Mohon tunggu...
Bagus Rahmat Prabowo
Bagus Rahmat Prabowo Mohon Tunggu... HIV Regional Prevention di UNAIDS Asia-Pacific

Seorang dokter untuk sexual and reproductive health. Concern terhadap HIV dan AIDS

Selanjutnya

Tutup

Healthy

Harm Reduction: Kontroversi Penanggulangan Napza atau Solusi Tak Terhindarkan?

11 Februari 2025   13:15 Diperbarui: 11 Februari 2025   13:15 58
+
Laporkan Konten
Laporkan Akun
Kompasiana adalah platform blog. Konten ini menjadi tanggung jawab bloger dan tidak mewakili pandangan redaksi Kompas.
Lihat foto
Kesehatan. Sumber ilustrasi: FREEPIK/Schantalao

Bayangkan sebuah peperangan yang terus berlanjut selama puluhan tahun, menghabiskan triliunan rupiah, tetapi tidak pernah benar-benar menang. Inilah yang terjadi dengan kebijakan narkotika di banyak negara---lebih mirip pertempuran yang tidak ada ujungnya daripada solusi yang nyata. Pengguna narkotika terus diburu, dipenjara, bahkan dihukum mati, tetapi apakah itu membuat angka pengguna berkurang?
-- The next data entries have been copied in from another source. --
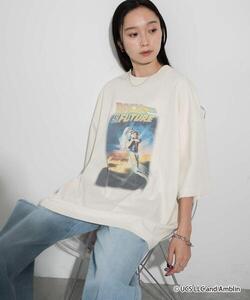 「WEGO」 「BACK TO THE FUTURE」7分袖Tシャツ MEDIUM ベージュ メンズ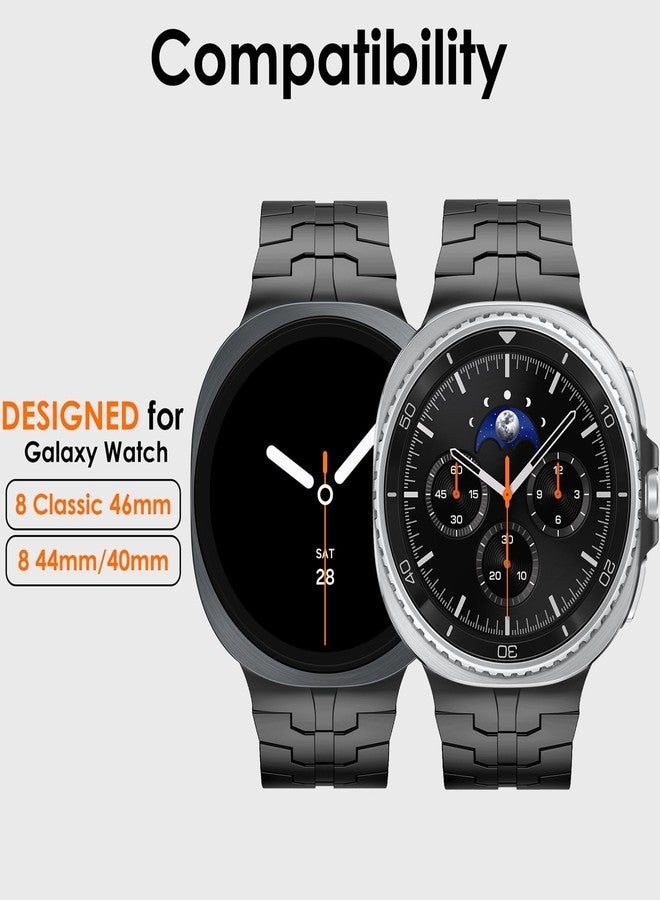 WINGLE Metal Bands for Galaxy Watch 8/8 Classic Band Samsung Galaxy Watch 8 Band 44mm 40mm 46mm Men Rugged Durable Armor Stainless Steel Strap Classy Elegant Casual Business Link Bracelet, Black - Image 2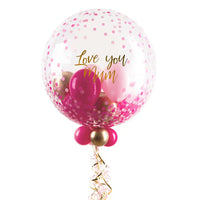 Personalised Bubble Balloon in a Box - Pink Gold Luxe Personalised Balloons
Tidak. Yang ada, pasar gelap semakin subur, jaringan kriminal semakin kuat, dan angka infeksi HIV di kalangan pengguna narkotika suntikan justru meningkat.

Lalu muncul konsep harm reduction, pendekatan berbasis bukti yang menawarkan solusi lebih realistis. Gagasan ini bukan baru lahir kemarin. Harm reduction mulai berkembang di era 1980-an, terutama sebagai respons terhadap epidemi HIV/AIDS yang melanda komunitas pengguna narkotika suntikan. Dengan semakin tingginya angka infeksi akibat penggunaan jarum suntik secara bergantian, para ahli kesehatan masyarakat mulai mencari solusi yang lebih efektif daripada sekadar memenjarakan pengguna. Mereka menyadari bahwa ancaman terbesar bukan pada substansi yang dikonsumsi, tetapi pada dampaknya terhadap kesehatan masyarakat.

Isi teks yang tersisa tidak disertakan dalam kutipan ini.